- **About this task**:
Reproduce the listing exactly and skip over any pictures.

- **Information supplied**:
:::

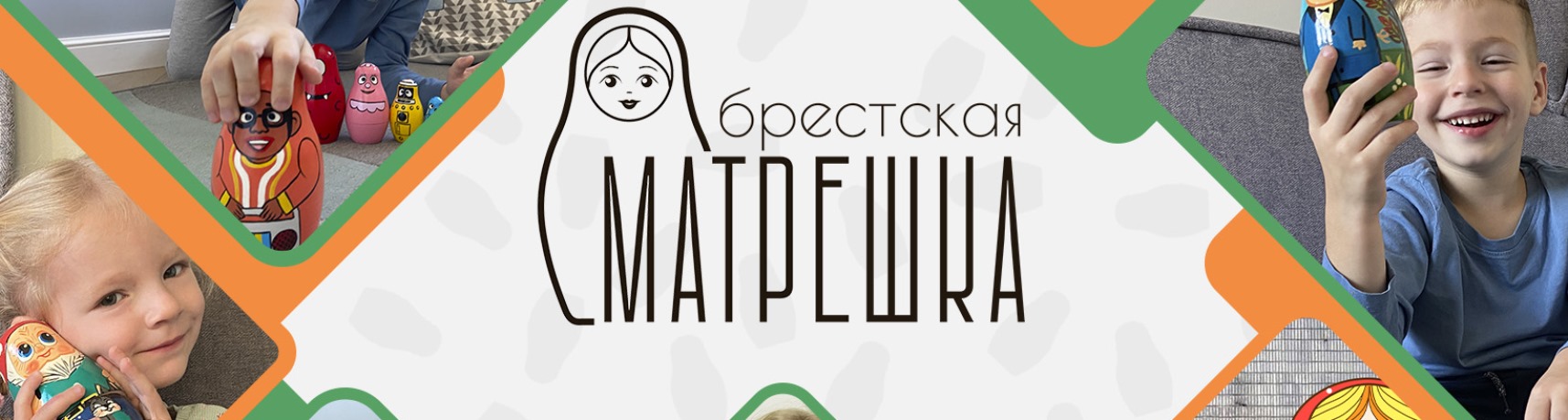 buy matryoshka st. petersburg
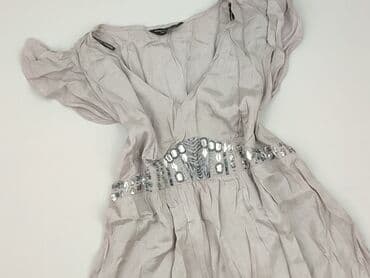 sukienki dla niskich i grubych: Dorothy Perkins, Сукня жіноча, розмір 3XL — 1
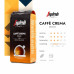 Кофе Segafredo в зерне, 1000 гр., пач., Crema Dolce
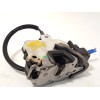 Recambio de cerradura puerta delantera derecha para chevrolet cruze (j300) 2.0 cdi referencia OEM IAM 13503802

:::

- **Reply to the task**:
 buy matryoshka st. petersburg
 sukienki dla niskich i grubych: Dorothy Perkins, Сукня жіноча, розмір 3XL — 1
 Кофе Segafredo в зерне, 1000 гр., пач., Crema Dolce
 Recambio de cerradura puerta delantera derecha para chevrolet cruze (j300) 2.0 cdi referencia OEM IAM 13503802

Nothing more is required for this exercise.